Richard Waid, the secretary, opened the door in response to Mason’s ring. His face showed his relief at seeing the lawyer. “C.W. has been trying to get you on the phone,” he said. “I’ve been calling every few minutes.”

“Something wrong?” Mason inquired.

“Mrs. Sabin is home — the widow.”

“Has that resulted in complications?” the lawyer asked.

“I’ll say it has. Listen, you can hear them in there now.”

Richard Waid stood slightly to one side, and the sound of a woman’s excited voice came pouring through the doorway. The words were undistinguishable, but there could be no mistaking the harsh, rasping sound of the voice itself.

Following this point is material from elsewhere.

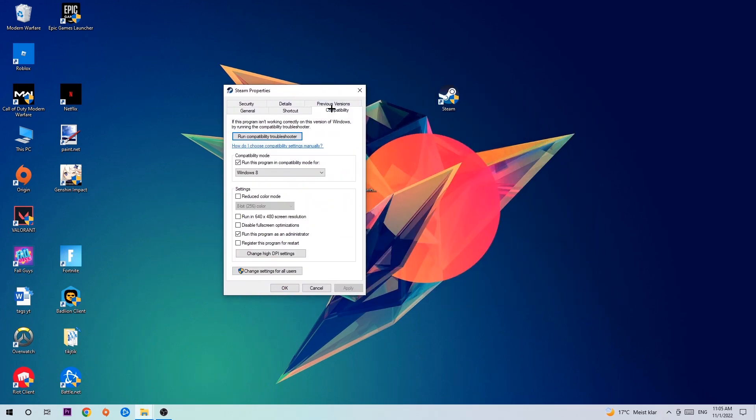Hit Compatibility and simply copy my settings. Let's quickly run through it: Enable 'Run this program in compatibility mode for' and select Windows 8. Disable fullscreen optimizations. Enable 'Run this program as an administrator.' Hit Apply and OK.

“Well,” Mason said, “perhaps I’d better join in the fight.”

“I wish you would,” Waid said, and then, after a moment, “It may be that you can tone her down a bit.”

“Does she have a lawyer?” Mason asked.

“Not yet. She’s threatening to hire all the lawyers in the city.”

“Threatening?” Mason inquired.

“Yes,” Waid said shortly, and as he led the way into the living room, added, “And that’s putting it mildly.”

Charles Sabin got to his feet at once, as Mason entered. He came forward to grasp the lawyer’s hand, with evident relief. “You must be a mind reader, Mr. Mason,” he said. “I’ve been trying to get you for the last half hour.”

He turned and said, “Helen, let me present Perry Mason. Mrs. Helen Watkins Sabin, Mr. Mason.”

Mason bowed. “I am pleased to meet you, Mrs. Sabin.”

She glared at him as though he had been an insect impaled with a pin and mounted on a wall board. “Humph!” she said.

She was heavy, but there was nothing flabby about her heaviness. Her body was hard beef, and her eyes held the arrogant steadiness of a person who is accustomed to put others on the defensive and keep them there.

“And her son, Mr. Watkins, Mr. Mason.”

Watkins came forward to take Mason’s hand in a firm, cordial grasp. His eyes sought those of the lawyer, and his voice as he said, “I’m very glad to meet you, Mr. Mason,” lent emphasis to his words. “I’ve been reading so much about you, from time to time, that it’s a real pleasure to meet you in the flesh. I was particularly interested in the newspaper accounts of the trial of that case involving the murder of the insurance man.”

“Thank you very much,” Mason said, letting his eyes take in the bulging forehead, the well-rounded cheeks, the steady blue eyes, and the fit of the well-pressed flannels.

“I’ve had quite a trip,” Steve Watkins said by way of explanation. “I flew from New York down to Central America to pick up mother, and came back with her. Haven’t even tubbed yet.”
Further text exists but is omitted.